10. Code shuffling into utils.py where it makes sense (and where it could serve a benefit for other code now or in the future)

1 files changed, 55 insertions, 38 deletions

diff --git a/cloudinit/transforms/cc_ssh.py b/cloudinit/transforms/cc_ssh.py
index 48eb58bc..db6848d9 100644
--- a/cloudinit/transforms/cc_ssh.py
+++ b/cloudinit/transforms/cc_ssh.py
@@ -18,15 +18,34 @@
 #    You should have received a copy of the GNU General Public License
 #    along with this program.  If not, see <http://www.gnu.org/licenses/>.
 
-import cloudinit.util as util
-import cloudinit.SshUtil as sshutil
 import os
 import glob
-import subprocess
 
-DISABLE_ROOT_OPTS = "no-port-forwarding,no-agent-forwarding," \
-"no-X11-forwarding,command=\"echo \'Please login as the user \\\"$USER\\\" " \
-"rather than the user \\\"root\\\".\';echo;sleep 10\""
+from cloudinit import util
+from cloudinit import ssh_util
+
+DISABLE_ROOT_OPTS = ( "no-port-forwarding,no-agent-forwarding," 
+"no-X11-forwarding,command=\"echo \'Please login as the user \\\"$USER\\\" " 
+"rather than the user \\\"root\\\".\';echo;sleep 10\"")
+
+key2file = {
+    "rsa_private": ("/etc/ssh/ssh_host_rsa_key", 0600),
+    "rsa_public": ("/etc/ssh/ssh_host_rsa_key.pub", 0644),
+    "dsa_private": ("/etc/ssh/ssh_host_dsa_key", 0600),
+    "dsa_public": ("/etc/ssh/ssh_host_dsa_key.pub", 0644),
+    "ecdsa_private": ("/etc/ssh/ssh_host_ecdsa_key", 0600),
+    "ecdsa_public": ("/etc/ssh/ssh_host_ecdsa_key.pub", 0644),
+}
+
+priv2pub = {
+    'rsa_private': 'rsa_public', 
+    'dsa_private': 'dsa_public',
+    'ecdsa_private': 'ecdsa_public',
+}
+
+key_gen_tpl = 'o=$(ssh-keygen -yf "%s") && echo "$o" root@localhost > "%s"'
+
+generate_keys = ['rsa', 'dsa', 'ecdsa']
 
 
 def handle(_name, cfg, cloud, log, _args):
@@ -35,72 +54,70 @@ def handle(_name, cfg, cloud, log, _args):
     if cfg.get("ssh_deletekeys", True):
         for f in glob.glob("/etc/ssh/ssh_host_*key*"):
             try:
-                os.unlink(f)
+                util.del_file(f)
             except:
-                pass
-
+                util.logexc(log, "Failed deleting key file %s", f)
+    
     if "ssh_keys" in cfg:
         # if there are keys in cloud-config, use them
-        key2file = {
-            "rsa_private": ("/etc/ssh/ssh_host_rsa_key", 0600),
-            "rsa_public": ("/etc/ssh/ssh_host_rsa_key.pub", 0644),
-            "dsa_private": ("/etc/ssh/ssh_host_dsa_key", 0600),
-            "dsa_public": ("/etc/ssh/ssh_host_dsa_key.pub", 0644),
-            "ecdsa_private": ("/etc/ssh/ssh_host_ecdsa_key", 0600),
-            "ecdsa_public": ("/etc/ssh/ssh_host_ecdsa_key.pub", 0644),
-        }
-
-        for key, val in cfg["ssh_keys"].items():
+        for (key, val) in cfg["ssh_keys"].iteritems():
             if key in key2file:
-                util.write_file(key2file[key][0], val, key2file[key][1])
-
-        priv2pub = {'rsa_private': 'rsa_public', 'dsa_private': 'dsa_public',
-                    'ecdsa_private': 'ecdsa_public', }
-
+                tgt_fn = key2file[key][0]

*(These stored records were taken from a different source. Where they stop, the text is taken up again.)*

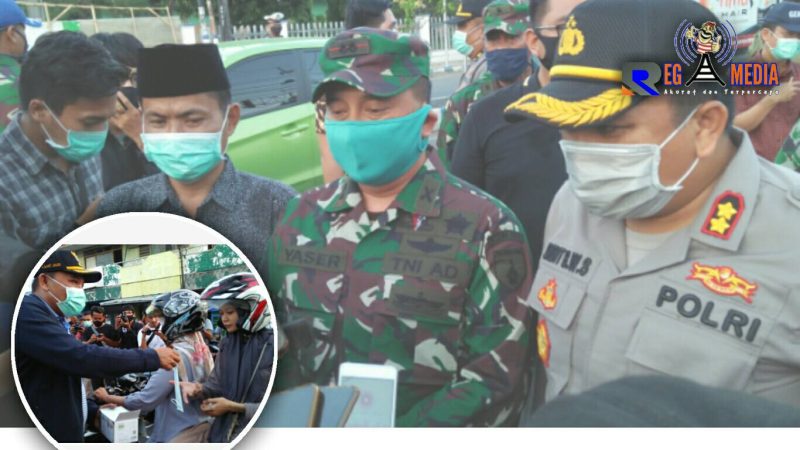 Pertahankan zona hijau, Forkopimda Sampang bagikan 1500 masker kepada pengguna jalan dan pedagang kaki lima. 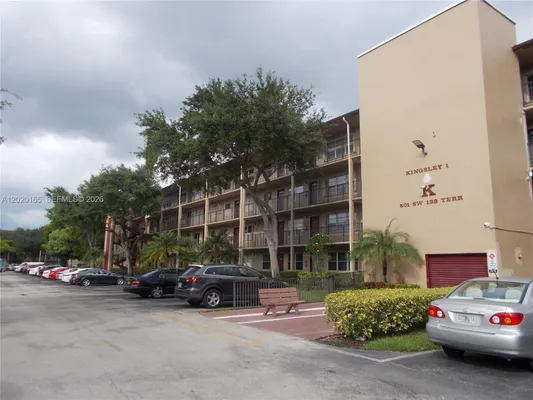 Property Slideshow image 3 of 43 | 801 sw 133rd ter 110k, Pembroke Pines, FL, 33027
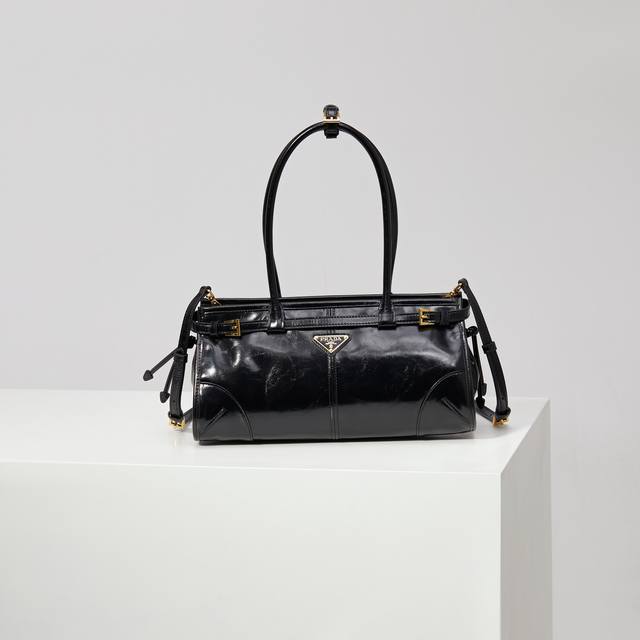 Lussolf油腊皮1Ba426 黑色油蜡皮手提款 长手挽 这款手提斜挎包采用进口油腊皮,油亮的色泽散发出古典气息,配有一条可拆卸调节的长肩带,方便不同场合搭配 Lussolf油腊皮1Ba426 黑色油蜡皮手提款 长手挽 这款手提斜挎包采用进口油腊皮,油亮的色泽散发出古典气息,配有一条可拆卸调节的长肩带,方便不同场合搭配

+                tgt_perms = key2file[key][1]
+                util.write_file(tgt_fn, val, tgt_perms)
+    
         cmd = 'o=$(ssh-keygen -yf "%s") && echo "$o" root@localhost > "%s"'
         for priv, pub in priv2pub.iteritems():
             if pub in cfg['ssh_keys'] or not priv in cfg['ssh_keys']:
                 continue
             pair = (key2file[priv][0], key2file[pub][0])

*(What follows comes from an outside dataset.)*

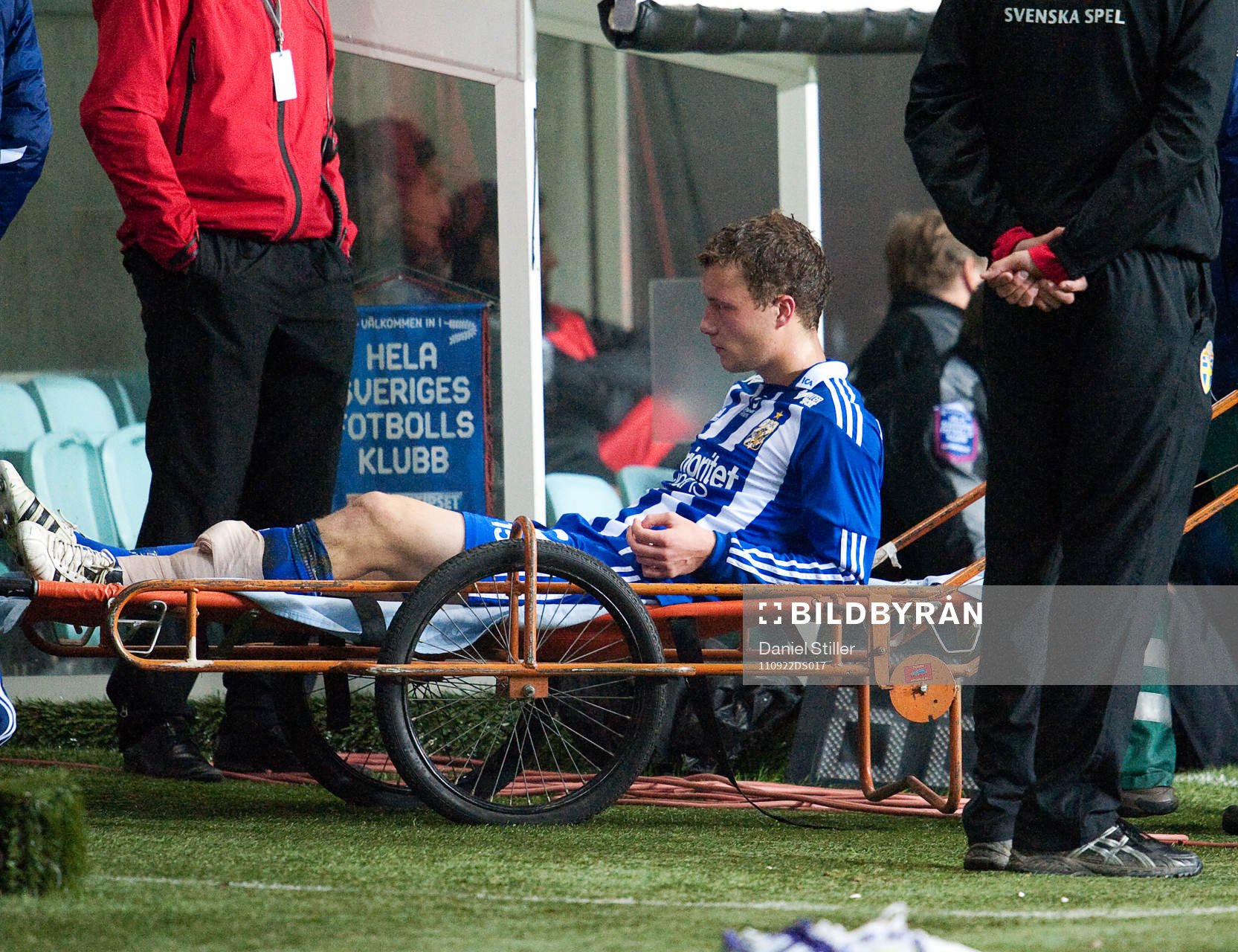 Jakob Johansson, IFK Göteborg, skadas och får utgå.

-            subprocess.call(('sh', '-xc', cmd % pair))
-            log.debug("generated %s from %s" % pair)
+            cmd = ['sh', '-xc', key_gen_tpl % pair]
+            try:
+                # TODO: Is this guard needed?
+                with util.SeLinuxGuard("/etc/ssh", recursive=True):
+                    util.subp(cmd, capture=False)
+                log.debug("Generated a key for %s from %s", pair[0], pair[1])
+            except:
+                util.logexc(log, "Failed generated a key for %s from %s", pair[0], pair[1])
     else:
         # if not, generate them
-        for keytype in util.get_cfg_option_list_or_str(cfg, 'ssh_genkeytypes',
-                                                      ['rsa', 'dsa', 'ecdsa']):
+        for keytype in util.get_cfg_option_list_or_str(cfg, 'ssh_genkeytypes', generate_keys):
             keyfile = '/etc/ssh/ssh_host_%s_key' % keytype
             if not os.path.exists(keyfile):
-                subprocess.call(['ssh-keygen', '-t', keytype, '-N', '',
-                                 '-f', keyfile])
-
-    util.restorecon_if_possible('/etc/ssh', recursive=True)
+                cmd = ['ssh-keygen', '-t', keytype, '-N', '', '-f', keyfile]
+                try:
+                    # TODO: Is this guard needed?
+                    with util.SeLinuxGuard("/etc/ssh", recursive=True):
+                        util.subp(cmd, capture=False)
+                except:
+                    util.logexc(log, "Failed generating key type %s to file %s", keytype, keyfile)
 
     try:
         user = util.get_cfg_option_str(cfg, 'user')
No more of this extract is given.